Consideri importante coinvolgere le nuove generazioni nei processi decisionali? È la prima cosa da fare. Su Internazionale del 17 dicembre 2021 è stato ripreso un articolo a firma di David Runciman, scienziato politico dell’università di Cambridge. «L’età del voto andrebbe abbassata a sei anni», scrive Runciman, che argomenta in modo secondo me convincente, spiegando come il divario generazionale sia un problema diventato enorme, nelle democrazie. In ogni caso, non ha senso escludere le adolescenti e gli adolescenti da decisioni con molte più conseguenze per loro che per le persone che quelle decisioni le prendono (e aggiungo che può capitare che i ventenni o meno ne sappiano di più degli adulti, ad esempio su quali sarebbero le decisioni migliori da prendere). 

Siamo e saremo in grado di adattarci agli effetti della crisi climatica? Penso e spero di sì. Però dobbiamo decidere come farlo. Se ci si dividerà tra privilegiati che ce la fanno e dannati senza speranza, non sarà un adattamento stabile, ci saranno tensioni e conflitti continui. 

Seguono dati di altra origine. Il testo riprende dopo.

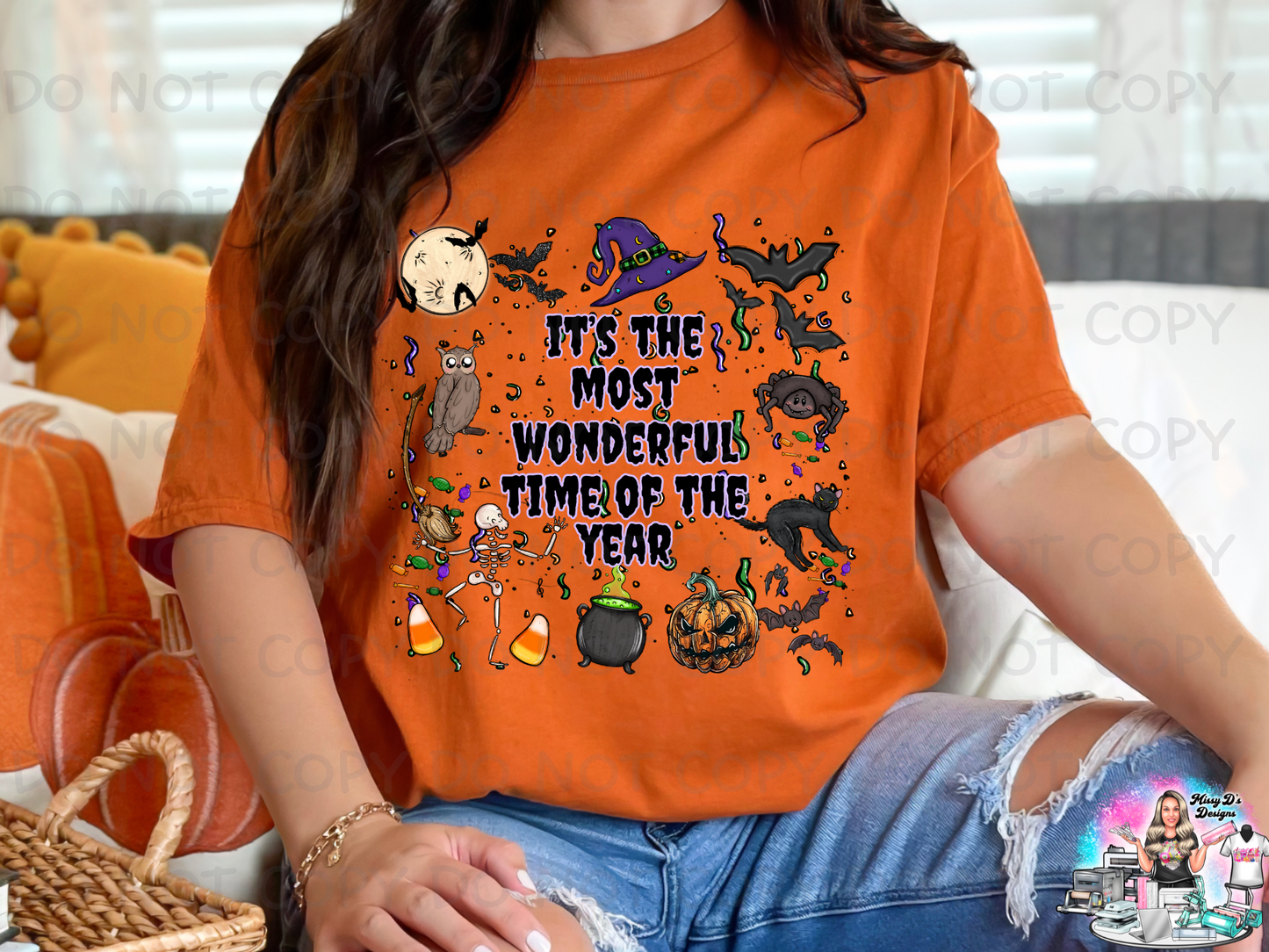 It's the Most Wonderful Time of the Year Halloween SHIRT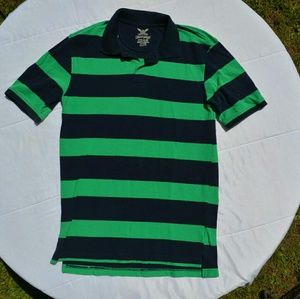 Black and Green (Green and Black?) Polo
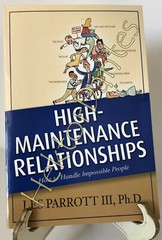 High-Maintenance Relationships: How to Handle Imp by Les Parrott III (2001, TrPB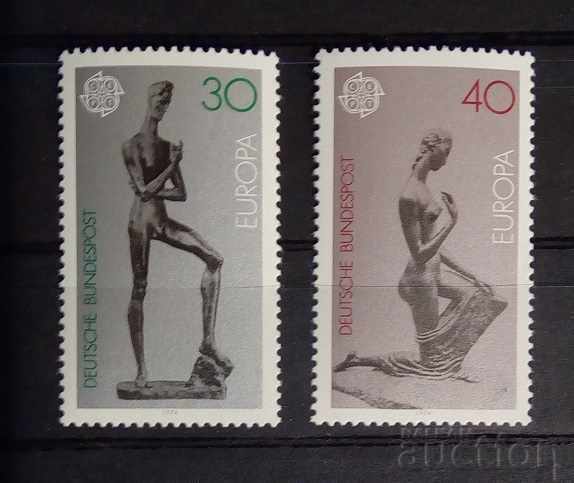 Germany 1974 Europe CEPT Art/Sculptures MNH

A quali scelte dobbiamo dare priorità? Riprogettare le città, il nostro modo di lavorare, oppure la nostra dieta? Credo ci voglia un piano fatto bene in cui si mette mano a tutto, dalla produzione di energia all’alimentazione, passando per i trasporti e l’organizzazione delle città. Al di là delle soluzioni tecniche, indispensabili, credo si debba spingere il più possibile sulla cooperazione, ma con una logica molto pragmatica: bisogna costruire accordo sulle cose da fare, concretamente, riducendo al minimo i dibattiti su questioni astratte. E il metro di paragone per misurare se i nostri sforzi vanno nella giusta direzione sono i diritti umani, a partire da quelli delle persone più colpite, già oggi, dalla crisi climatica. Dunque, sì, azzardo una risposta sul tema della priorità: sostituire le auto a combustione con auto elettriche credo sia importante e vada fatto in fretta. Ma se ci occupiamo del nostro diritto a muoverci come e quando vogliamo con le nostre auto private prima del diritto di altre persone di non patire la fame per via del caos climatico, forse sbagliamo qualcosa.